◆ Records provided:
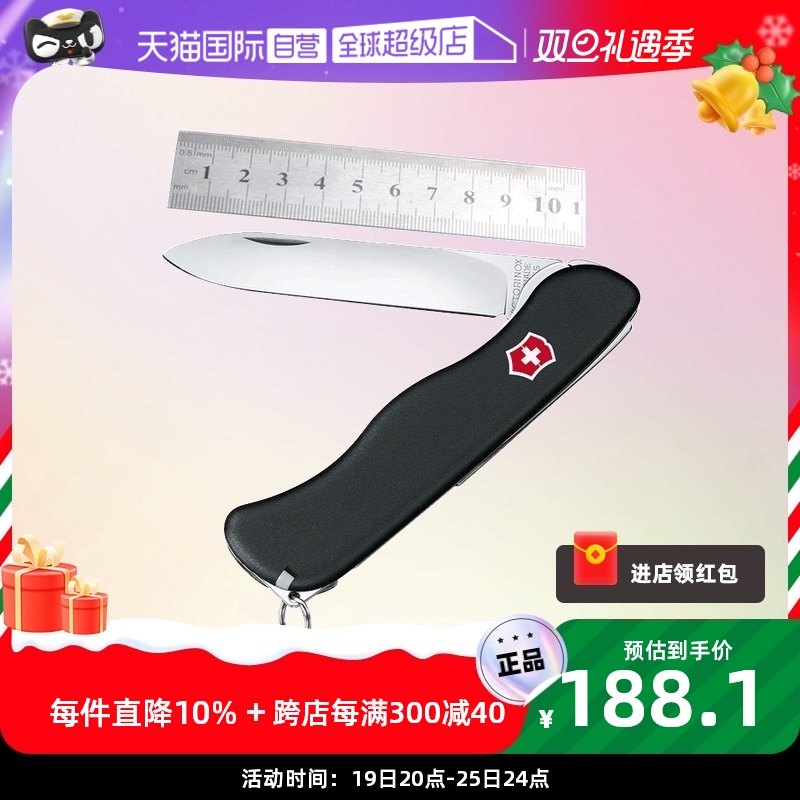 (self-employed) Vickers Swiss Army Knife Sentinel 111mm Outdoor Survival Knife Multifunction Swiss Army Knife Soldiers Knife-Taobao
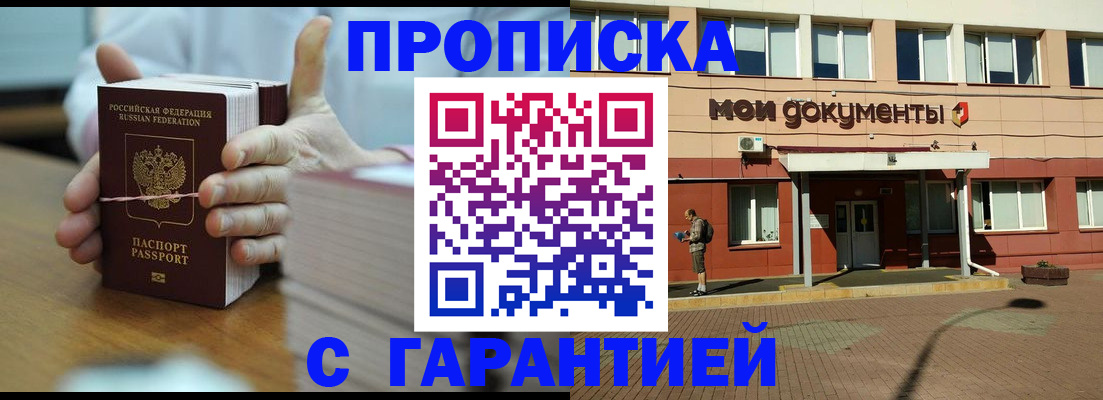 временная регистрация для всех в Губкинском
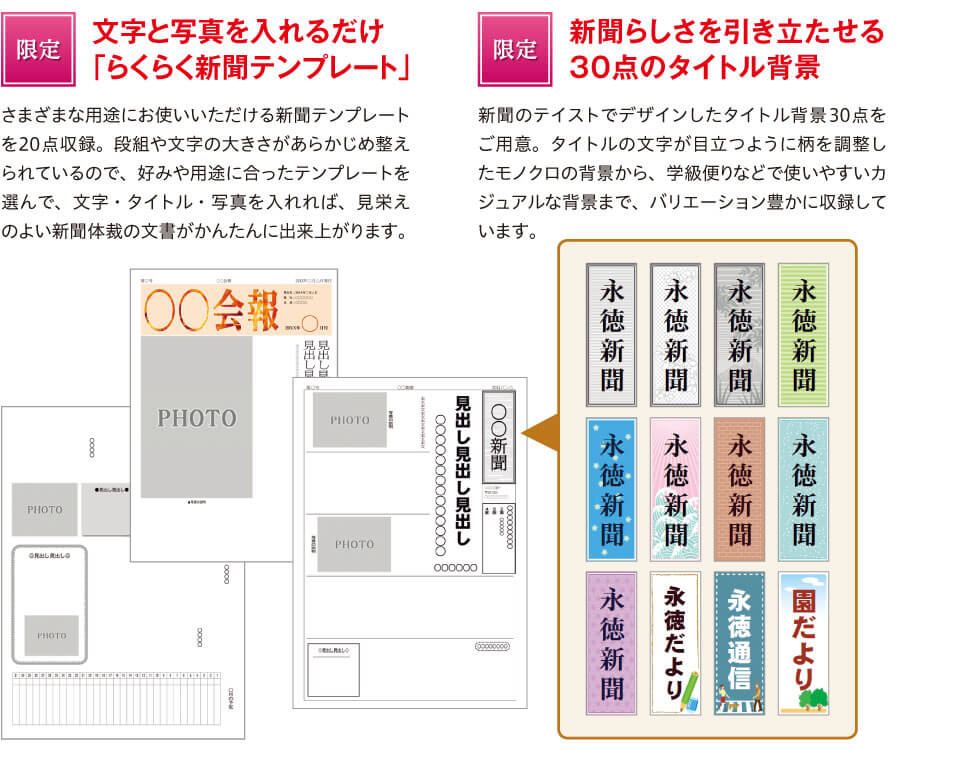 らくらく新聞テンプレート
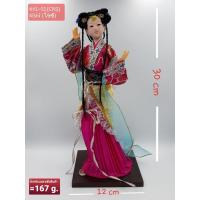 ราคา (H01-51) Xishi<ไซซี> ตุ๊กตาจีน/ตุ๊กตาจีนโบราณ/ตุ๊กตาหญิงงามจีน/ตุ๊กตาของแต่งบ้าน/ตุ๊กตาของโชว์/ของขวัญ (4660427900)
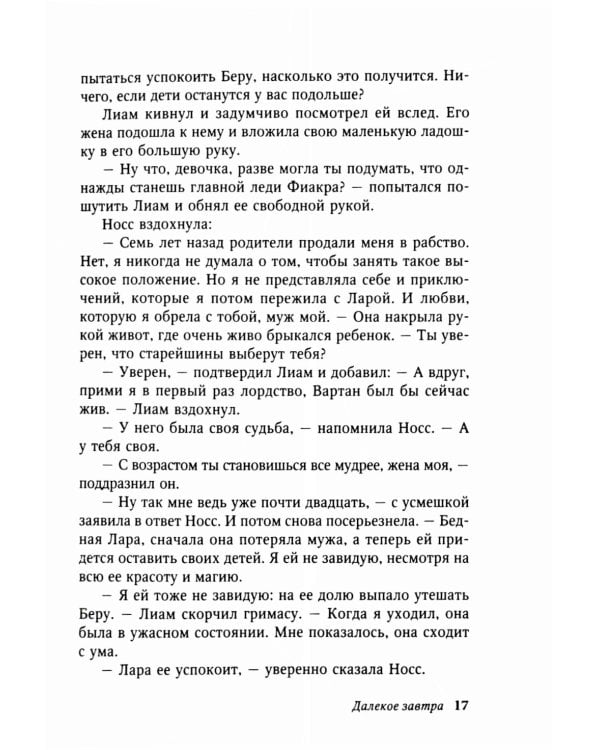 Далекое завтра: роман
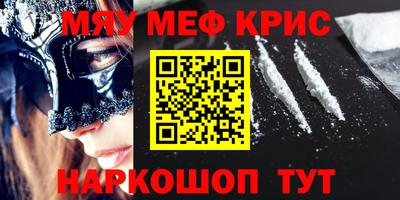 мдпв Ярцево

◆ Work instruction: Everything but the pictures is needed: copy the data above exactly.

◆ Task solution:
 (self-employed) Vickers Swiss Army Knife Sentinel 111mm Outdoor Survival Knife Multifunction Swiss Army Knife Soldiers Knife-Taobao
 временная регистрация для всех в Губкинском
 らくらく新聞テンプレート
 ราคา (H01-51) Xishi<ไซซี> ตุ๊กตาจีน/ตุ๊กตาจีนโบราณ/ตุ๊กตาหญิงงามจีน/ตุ๊กตาของแต่งบ้าน/ตุ๊กตาของโชว์/ของขวัญ (4660427900)
 Далекое завтра: роман
 мдпв Ярцево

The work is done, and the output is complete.